The new law also refers to domestic relationships. It defines these as:

a de facto relationship; or

a "close personal relationship" between two adults who live together and provide "domestic support and personal care". Note, if this care and support is provided for a fee or through a government scheme then the relationship is not a "domestic relationship".

A domestic relationship therefore includes relationships between siblings, and parents and children.

If you are in a domestic relationship you have the same rights under this new law in relation to maintenance and property division as a person in a de facto relationship
posted by Hot buttered sockpuppets at 5:53 PM on September 16, 2015 [2 favorites]
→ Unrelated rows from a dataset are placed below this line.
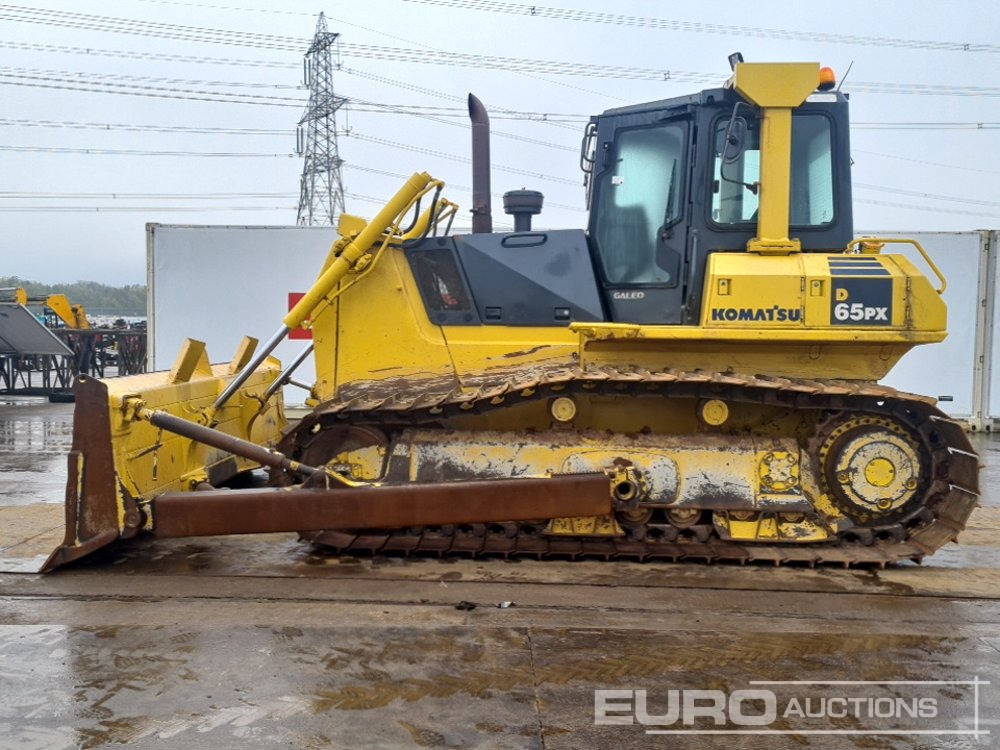 Komatsu D65PX-15 - דחפור: תמונה 2 Komatsu D65PX-15 - דחפור: תמונה 2
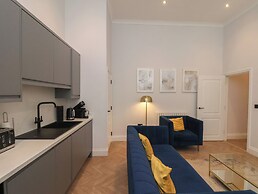 The Salisbury Apartment 105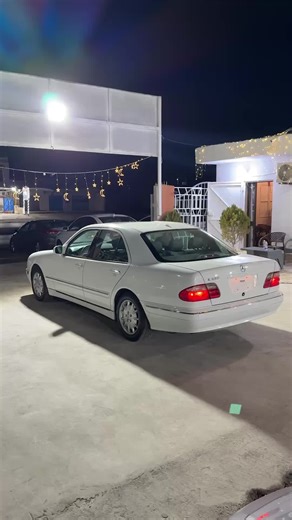 مرسيدس بنز E 320 2000 للبيع بسعر مغري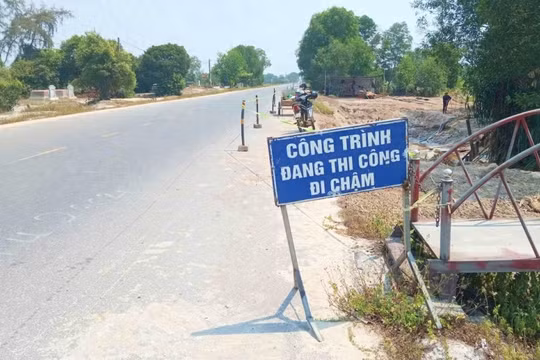 Quảng Trị: "Cần có quyết tâm rất cao để đầu tư hoàn chỉnh tuyến Quốc lộ 15D"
If you value your family at all, don't contest the will.

You didn't mention it, but in addition to the carer's pension you received, presumably you received free room and board during the time you were taking care of your mother. Some people will consider that compensation, particularly if you were able to hold any outside work during any of that time. I'm not saying it's right, I'm just saying that's how some will view it.

Now, in an ideal world, the executors of the estate would get together with the other siblings, without you being present, and advocate on your behalf to receive a larger share. Perhaps they could all give a percentage, perhaps one would give up say $10K while another would give up only $5K (using round numbers for the sake of argument, those numbers are not tied to the numbers you've cited in your post). Something like that might come across as a compromise to all.
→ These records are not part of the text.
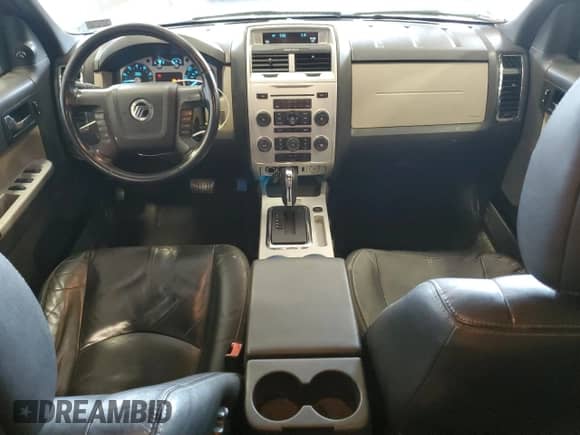 2010 Mercury Mariner Premier с VIN 4M2CN9H72AKJ30043, выставлен на аукционе Copart как лот 71597515 с пробегом 181 857 миль миль и Списание • Salvage title. История ставок и продаж доступна на DreamBid. Изображение 8.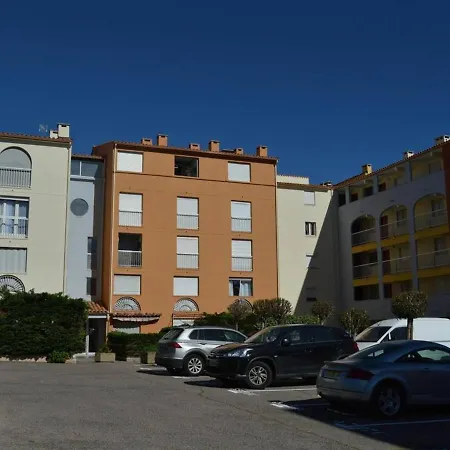 Apartment Cosy A 1200m De La Plage, A Proximite Commerces, Port Et Golf, Parking Prive Inclus - Fr-1-249-13 *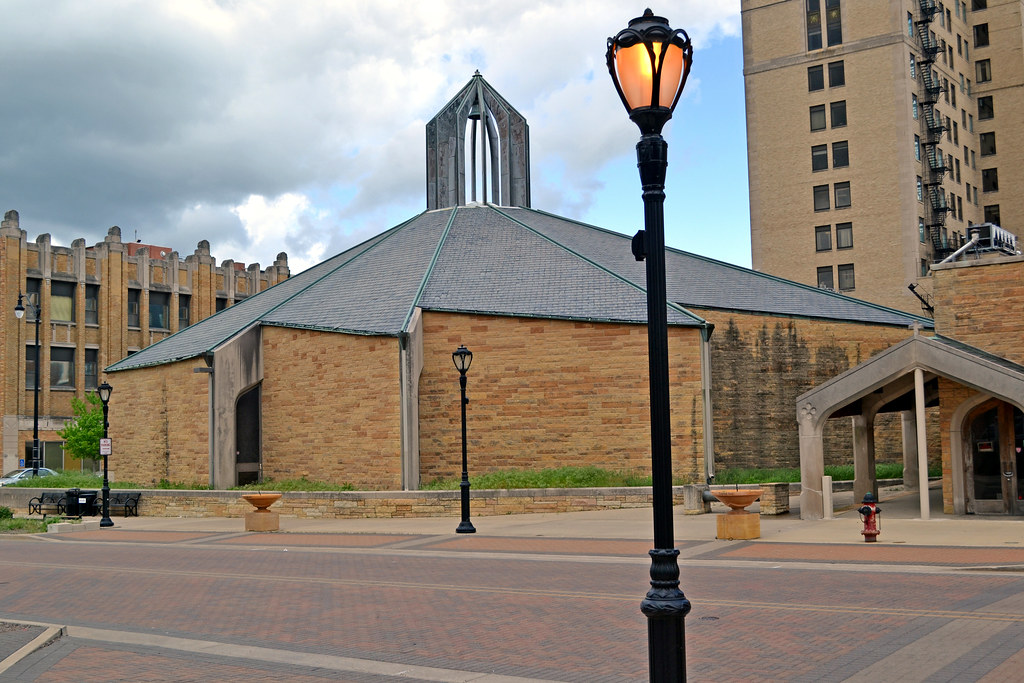 Flickriver Photoset 'Springfield IL Churches' by mbernero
It may very well be that one or more of your siblings is not willing to share the inheritance with you in this manner.

In that event, you will need to focus on the fact that the distribution of assets is not a decision that any of your siblings made, it is a decision that your mother made. It may be regretable that it doesn't fall more in your favor, but I am certain that your mother made plans to divide her assets equally *precisely* to avoid any ill will between the siblings. She unfortunately did not take into account your loss of income, but then again it seems from what you've posted that neither did you when you agreed to care for her. You must remember that, while your decision to care for your mother was good and noble, you also had the power to say no, and no one coerced you into a full-time carer position.

No matter what, do not let money split you from your family. Hell, we're really only taking about thousands of dollars, not millions; even if you were to get a larger portion, it's not going to last long. But your life will, and you will want to have a relationship with your family for your whole life. Breaking with any one of them over money just isn't worth it.